Friday, February 01, 2008

television will cure all

Yesterday I failed to report that I learned by watching Sudden Death that if you don't just kill the bad guys like Jack Bauer does, they will feel better right at the end of the movie and kidnap your bespectacled little girl. Then, after you extract her from their clutches and shoot them, they will slowly fly their getaway helicopter tail-first onto the ice of the hockey arena where they were holding the Vice President hostage during the Stanley Cup.

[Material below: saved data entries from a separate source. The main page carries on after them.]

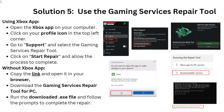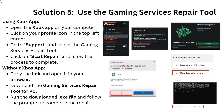Solution 5: Use the Gaming Services Repair Tool. Using the Xbox app: open the Xbox app, click on your profile icon in the top left corner, go to Support, and select the Gaming Services Repair Tool. Click on Start Repair and allow the process to complete. Without the Xbox app: copy the link and open it in your browser, download the Gaming Services Repair Tool for PC, run the downloaded .exe file, and follow the prompts to complete the repair.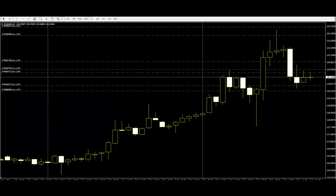In red candlesticks, the bottom is the closing price, and in green candlesticks, the lowest price is the lower shadow.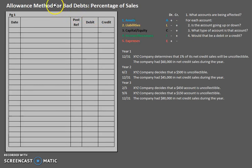Hello and welcome to another TLC Tutoring Company accounting lesson. In our last video we explored the direct write-off method for accounting for bad debts. Now in this video we're going to take a look at the allowance method. Within this method there are actually two different ways: the percentage of sales method and the aging of receivables method. For now I just want to focus on the allowance method and how it affects your debits and credits, and then at the end I'll show you where percentage of sales comes into play.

This helicopter flew so straight, you'd think it had been hung by the nose from a crane.

I think the whole point of having a perfectly good looking little girl wear enormous nerd glasses was so we could watch the helicopter explosion reflected in them.

Today I learned that: In quotes of the day, here's one I missed on January 13:
Michael German, the ACLU's national security policy expert and a former FBI agent, said: "It seems the telecoms, who are claiming they were just being 'good patriots' when they allowed the government to spy on us without warrants, are more than willing to pull the plug on national security investigations when the government falls behind on its bills."
And here's one from the 27th from a young man who stuck his tongue to a flagpole like the kid in A Christmas Story:
"I decided to try it because I thought all of the TV shows were lies, but turns out I was wrong," Gavin said.